WHAT IS BEING ASKED: Output only the lines that run from the line holding "Next Herren SHORT" to the end of the data below, including both ends, without any pictures.

============

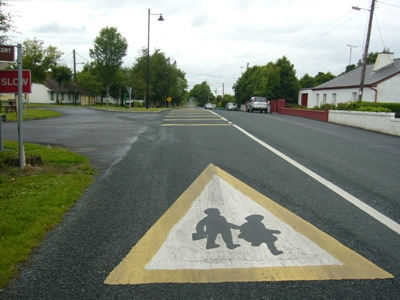 School Ahead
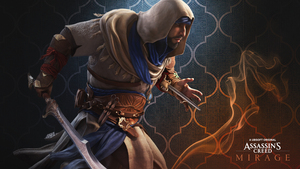 Assassins Creed Mirage, Basim Ibn Ishaq, 2023 Games, PlayStation 4, PlayStation 5, Xbox One, Xbox Series X and Series S, PC Games, 4K wallpaper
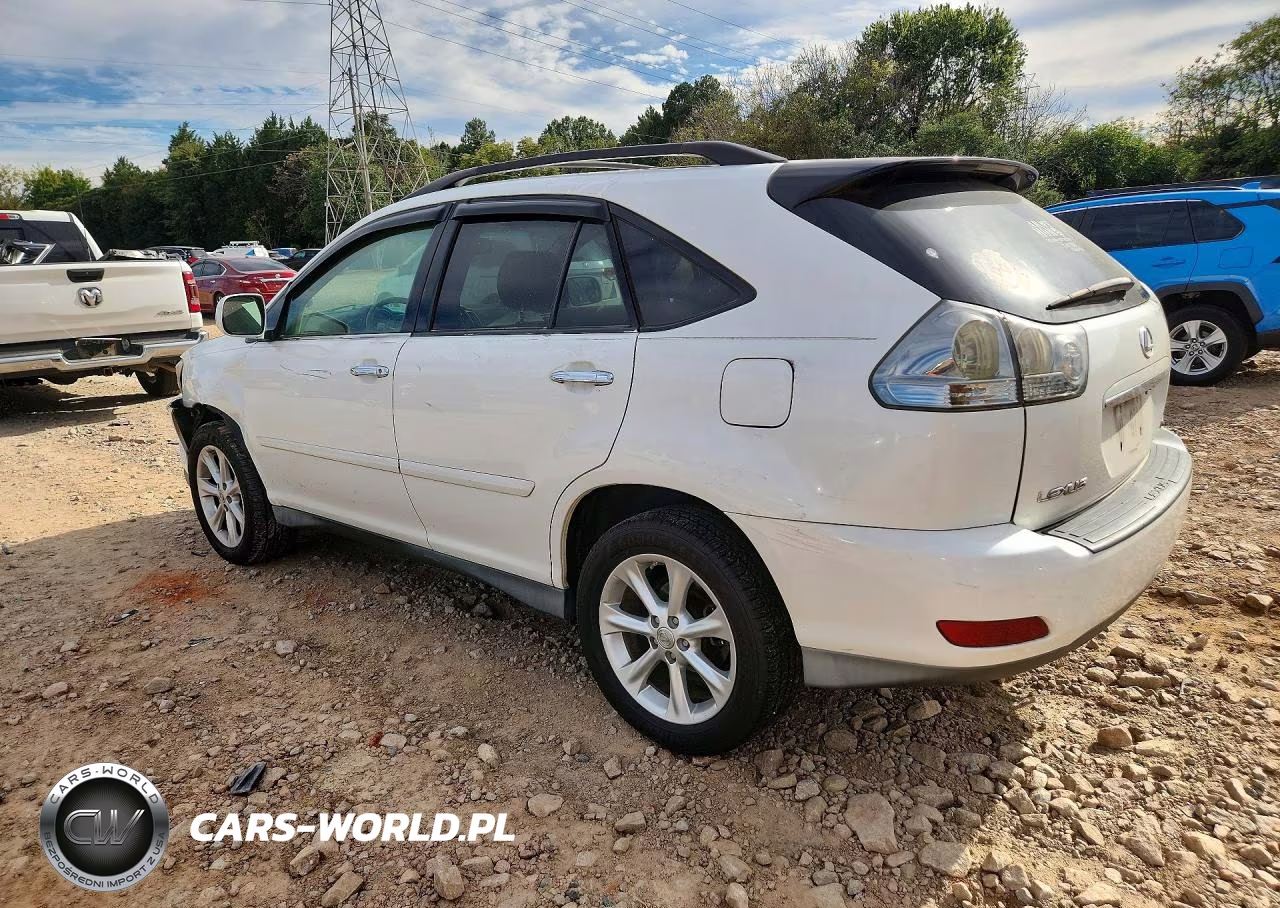 2009 Lexus Rx 350 VIN:2T2GK31U49C076380 - 2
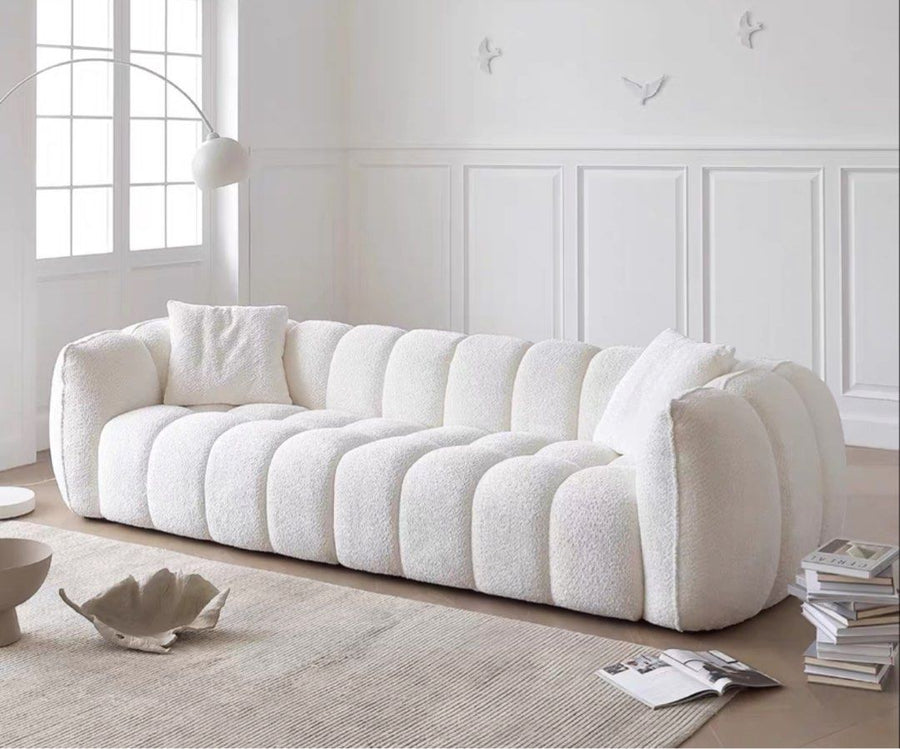 ZOEY Modern Boucle Sofa - Radical Homes Singapore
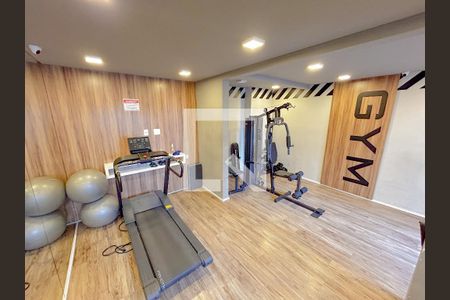 Apartamento para alugar com 28m², 1 quarto e sem vagaAcademia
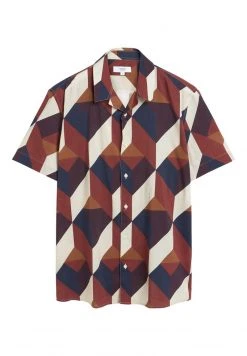 Next Herren SHORT SLEEVE - Hemd - Off White -Next Verkäufe 2022 ea1bfec17acc46468115728316c951bc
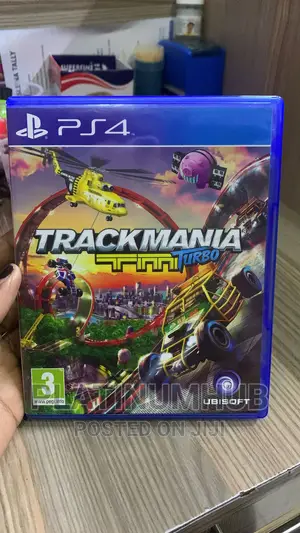 Trackmania Turbo Used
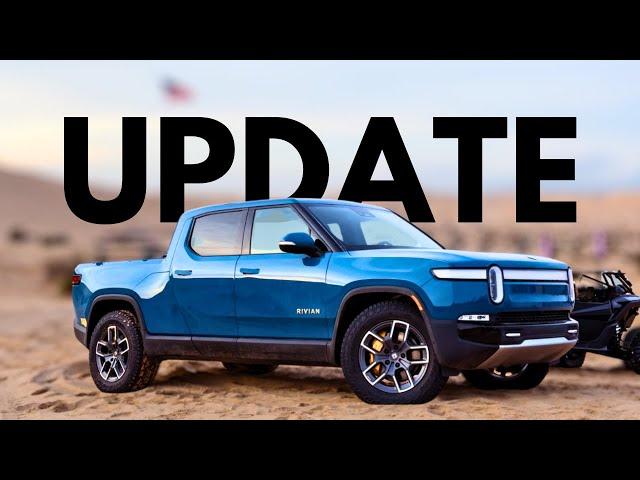 Rivian Q1 UPDATE | Future Proofing the Platform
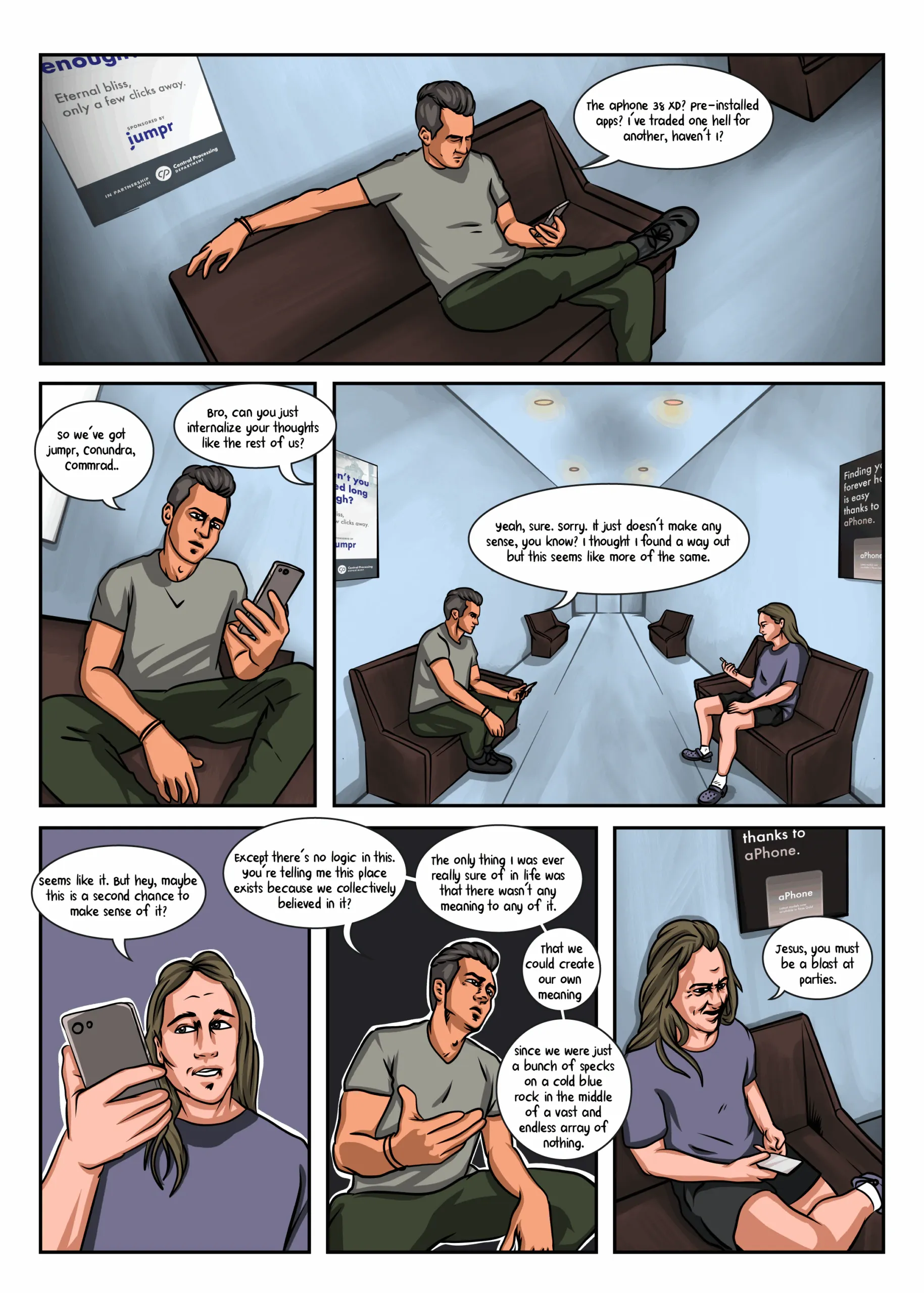 Processing episode 4, page 3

============

EXERCISE ANSWER:
 Next Herren SHORT SLEEVE - Hemd - Off White -Next Verkäufe 2022 ea1bfec17acc46468115728316c951bc
 Trackmania Turbo Used
 Rivian Q1 UPDATE | Future Proofing the Platform
 Processing episode 4, page 3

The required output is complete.